I have a hard time getting anyone to accompany me to the movies to see scary movies. With a lot of common sense, my friends assure me that they do not need to pay between six and ten euros to have a wrong time, that they get nervous and then don’t sleep. Their position is loaded with very logical reasons. But what about horror lovers? Why do we enjoy these films? Am I more sadistic, psychopathic, or violent than my friends?
What goes on in our brains?
Fear is a primary emotion whose function is to protect us from a situation considered potentially harmful and which generates a response-oriented to escape or fight. These films produce pleasure for people who like to feel how we respond to stress, as long as we do so in a controllable way and framed in a time-limited experience. Other experiences, such as risk sports, generate a similar sensation. But those are for the truly brave.
When the brain perceives a threat, the amygdala sends a distress signal to the hypothalamus, which, in turn, activates the sympathetic nervous system so that the body prepares for action, i.e., so that it can flee. The adrenal glands then increase the production of noradrenaline, which speeds up the heart rate and increases the bloodstream, which carries another hormone, adrenaline, to the muscles and epidermis. When adrenaline and noradrenaline come into contact with each other, a contraction and tension response of the strengths and hair follicles of the skin is activated. And that’s why we get goosebumps when we see the protagonist’s lamps move by themselves when night falls, for example.
But why do we feel pleasure?
The sensation is generated by secreting hormones such as dopamine or serotonin, which occurs when we understand that we are living a stressful experience, but in a context of entertainment.

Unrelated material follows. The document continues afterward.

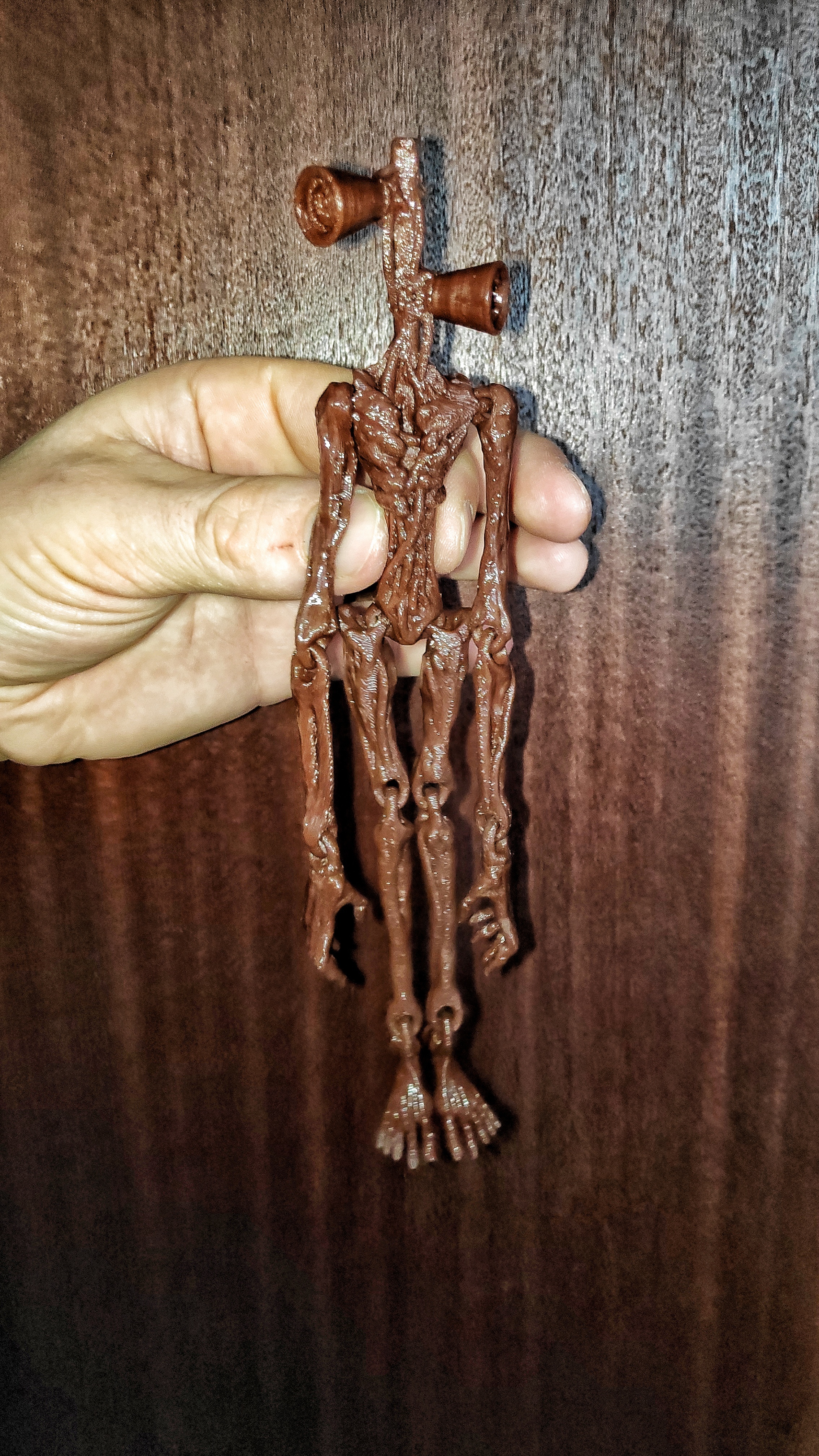 Сиреноголовый конечности двигаются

Therefore, the important thing is that this suspense does not interfere with our own life. That is to say, and we learn to enjoy a good scary movie without believing that what we see poses a real threat to us, even though the genre often resorts to playing with the possibility that its stories are based on real events. In this sense, if you are a parent, it’s recommended to keep children away from these contents until they learn to differentiate fact from fiction or develop the ability to separate, regulate and understand the emotional experience they provoke.
On the other hand, from a purely cinematographic point of view, some mechanisms connect audiences by telling a story.Book writers and essay service writers are very aware of the importance of a well-written story and the impact it can have on a person.
Indeed, we always tend to identify with the weaker side, with David versus Goliath, with those innocent children facing a mysterious killer clown. These films tend to exploit this and “include characterizations that make us lower our barriers and bring us closer to the victims. The more at risk the character puts himself, the more interest his story awakens in us”.
Sometimes, the spectator puts himself in the monster’s shoes. In those cases, “the consumption of horror films can be a way of giving vent to their most sadistic fantasies”.
We satisfy violent desires, but we do it through a screen. And not only that. Films refer to collective adversities and sometimes become a metaphor for a social context. Thus, for example, in 1932, the first zombie film, The Legion of Soulless Men, was released with images that resembled Depression-era rationing lines and was a reminder that the American dream had been shattered. German expressionist cinema also reflected as the breeding ground of Nazism, alien films during the Cold War, such as Invasion of the Body Snatchers (1956) showed anti-communist paranoia in the United States, and vampire films during the 1980s emerged in a scenario where there was fear of contagion by the AIDS virus.
It is a different matter that nowadays, horror films have lost part of their dark beauty in favor of the easy scare, that they fall into clichés that are well known to any regular viewer, or that they have not managed to avoid the fierce tsunami of remakes.